Required work
Look below for the line that contains "Snoopy Love, Κούπα", then copy it and each following line exactly, through and including the line that contains "A logo of dga".
[Opening Dataset excerpts section]
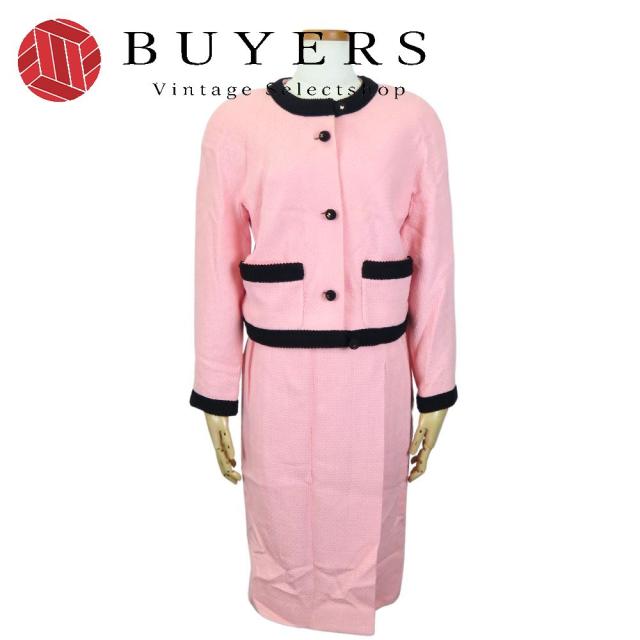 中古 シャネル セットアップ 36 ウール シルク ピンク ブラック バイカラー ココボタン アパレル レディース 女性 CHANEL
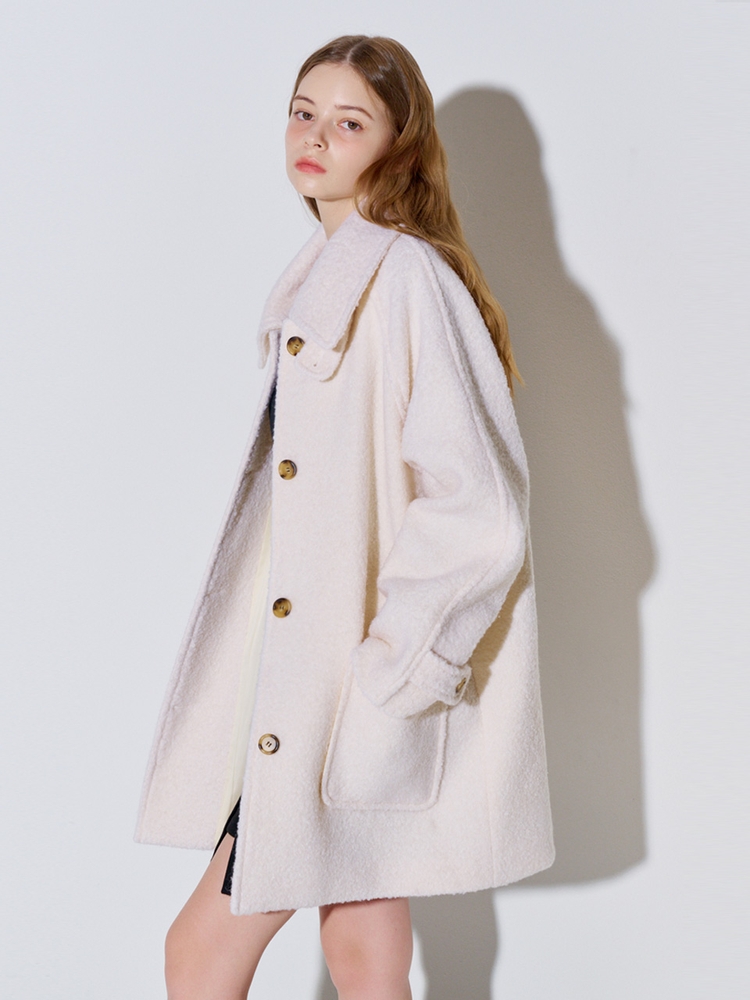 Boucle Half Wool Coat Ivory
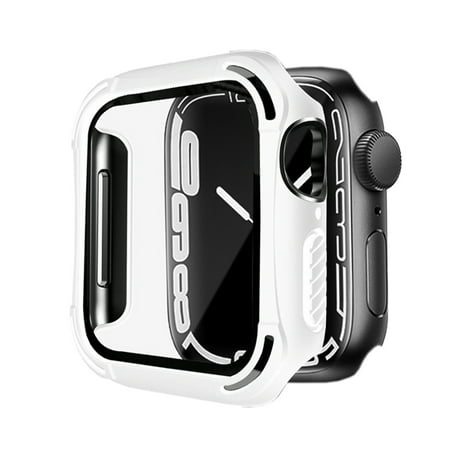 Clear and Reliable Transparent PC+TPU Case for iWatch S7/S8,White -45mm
[Closing Dataset excerpts section]
[Opening Dataset excerpts section]
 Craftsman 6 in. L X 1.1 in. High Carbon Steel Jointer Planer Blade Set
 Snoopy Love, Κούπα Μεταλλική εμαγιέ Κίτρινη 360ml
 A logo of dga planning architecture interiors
[Closing Dataset excerpts section]
[Opening Dataset excerpts section]
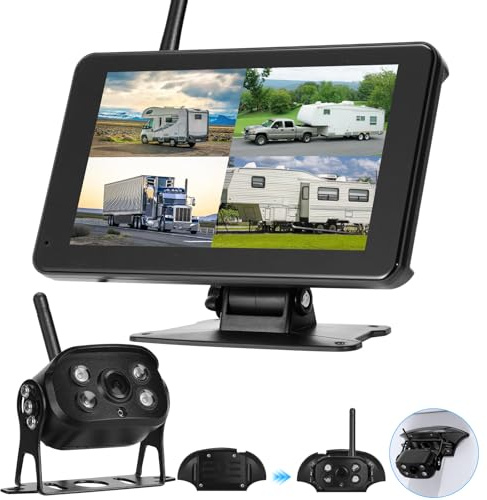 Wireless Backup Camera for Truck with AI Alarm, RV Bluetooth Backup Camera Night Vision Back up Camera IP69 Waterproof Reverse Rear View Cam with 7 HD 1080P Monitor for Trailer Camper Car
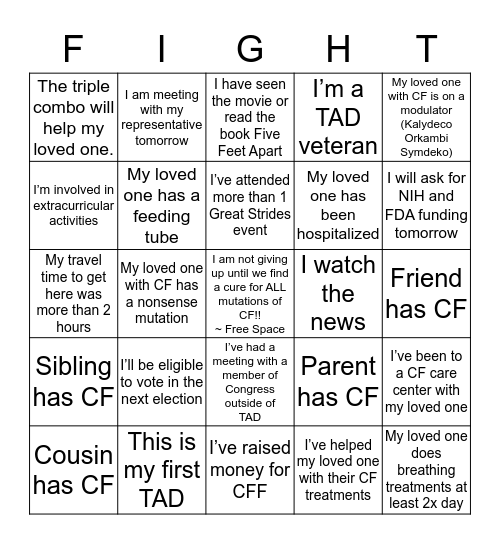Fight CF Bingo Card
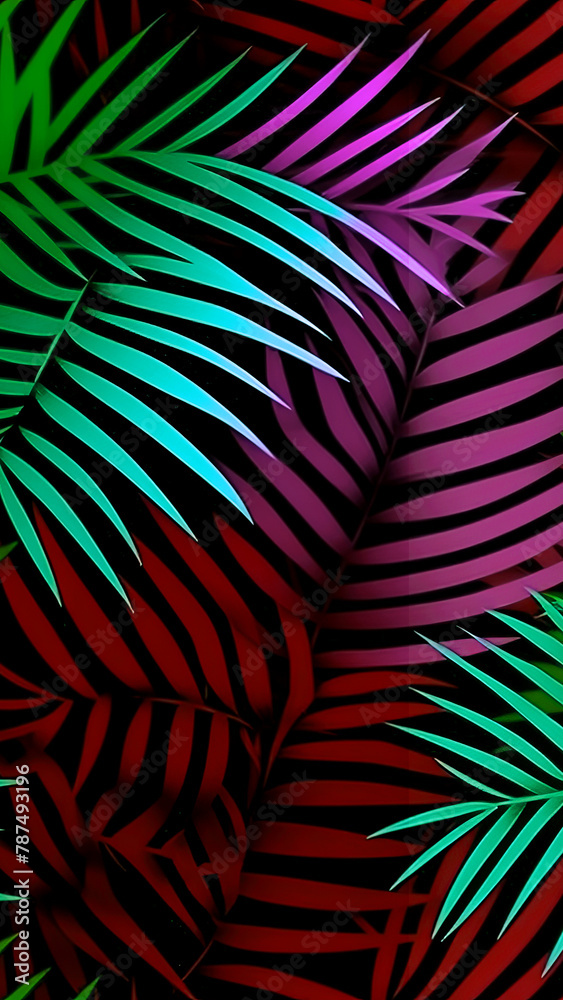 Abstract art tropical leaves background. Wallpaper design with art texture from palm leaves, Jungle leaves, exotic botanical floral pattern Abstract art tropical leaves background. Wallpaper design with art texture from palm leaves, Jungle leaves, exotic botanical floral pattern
[Closing Dataset excerpts section]
Answer for the task
 Snoopy Love, Κούπα Μεταλλική εμαγιέ Κίτρινη 360ml
 A logo of dga planning architecture interiors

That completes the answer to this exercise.